Kegiatan pelatihan didampingi langsung oleh instruktur Susgiharti, seorang wirausahawan berpengalaman di industri parfum sejak tahun 2000. Susgiharti memiliki toko wewangian bernama Aneka Parfum yang saat ini telah memiliki 7 cabang toko di wilayah Jakarta, Bekasi, dan Tangerang.
Acara dibuka secara resmi oleh perwakilan pengurus Yayasan Inspirasi Indonesia Membangun (YIIM), dalam hal ini diwakili oleh Riccana Rosita selaku Bendahara Pengurus. Dalam sambutannya, beliau menyampaikan bahwa: “Kegiatan pelatihan ini adalah bentuk kepedulian nyata YIIM dan INSIGHT untuk meningkatkan keahlian para peserta dalam berwirausaha parfum. Peserta yang hadir hari ini merupakan orang-orang pilihan yang telah melalui proses seleksi ketat. Kami berharap kesungguhan seluruh peserta dalam mengikuti pelatihan ini, sehingga selesai pelatihan dapat berdikari dan mandiri.”
Pada hari pertama, peserta mengawali agenda dengan mengisi tes awal (*pre-test*) guna mengukur wawasan awal mengenai parfum. Setelah itu, peserta menerima pemaparan dasar tentang parfum, seperti jenis-jenis parfum, ragam kategori aroma (*fragrance families*), dan karakteristik formulasi wewangian.
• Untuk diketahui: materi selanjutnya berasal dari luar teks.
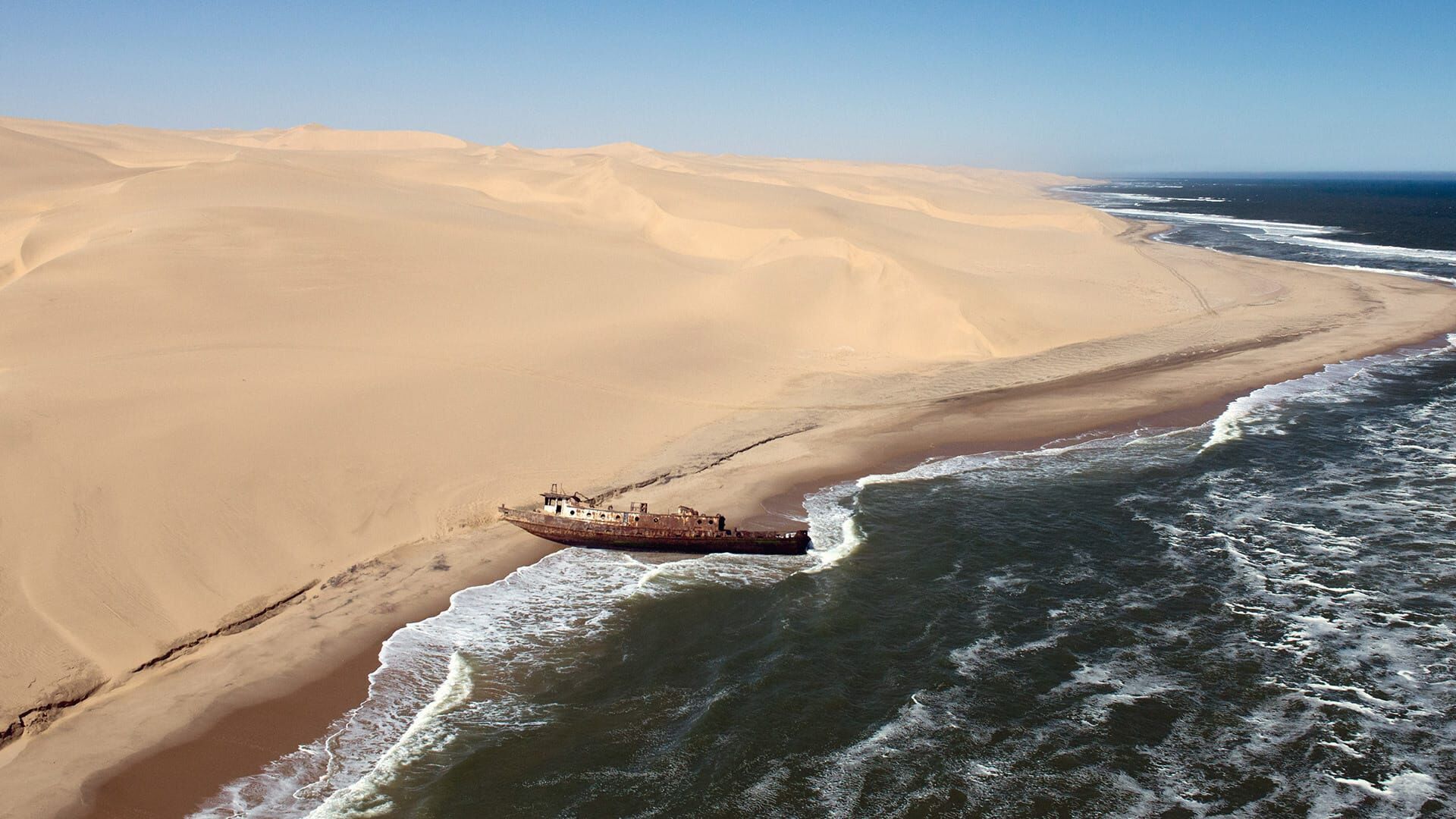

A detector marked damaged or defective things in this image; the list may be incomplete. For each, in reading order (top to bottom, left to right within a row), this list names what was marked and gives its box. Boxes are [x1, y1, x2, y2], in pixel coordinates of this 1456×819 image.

rusty shipwreck [500, 485, 807, 558]
corroded metal [500, 485, 807, 558]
Penyampaian materi ini bertujuan untuk memperkuat pemahaman peserta dalam mengenal dasar-dasar industri parfum. Usai pemaparan materi, peserta diajak mengidentifikasi aroma-aroma dari berbagai bibit parfum guna melatih dan meningkatkan kepekaan indra penciuman terhadap aroma. Kepekaan ini merupakan modal fundamental ketika peserta hendak menjalankan usaha wewangian. Selanjutnya, peserta mempraktikkan peracikan parfum dengan aneka bibit aroma dengan antusiasme yang sangat tinggi.
Pada hari kedua, peserta memperdalam praktik meracik parfum dengan memadukan beberapa bibit aroma (*blending*) untuk menghasilkan formula aroma yang unik dan baru. Selain itu, berlangsung sesi diskusi interaktif antara trainer dan peserta terkait kiat menjalankan usaha parfum berdasarkan pengalaman nyata sang trainer selama mengelola bisnis wewangian.
Rangkaian pelatihan ditutup dengan penyerahan sertifikat kepada seluruh peserta, disertai arahan penutup dari Ketua Pengurus YIIM, Chrisbiantoro. Dalam sambutannya, beliau menekankan pentingnya para peserta untuk berani memulai wirausaha parfum, baik dengan meracik formula sendiri maupun menjadi *reseller*, serta memanfaatkan peluang magang di tempat usaha instruktur guna memperoleh pendampingan bisnis lebih lanjut.
Acara ini selaras dengan agenda Tujuan Pembangunan Berkelanjutan (SDGs), khususnya SDG 1 tentang Memerangi Kemiskinan dan SDG 8 tentang Pekerjaan Layak dan Pertumbuhan Ekonomi.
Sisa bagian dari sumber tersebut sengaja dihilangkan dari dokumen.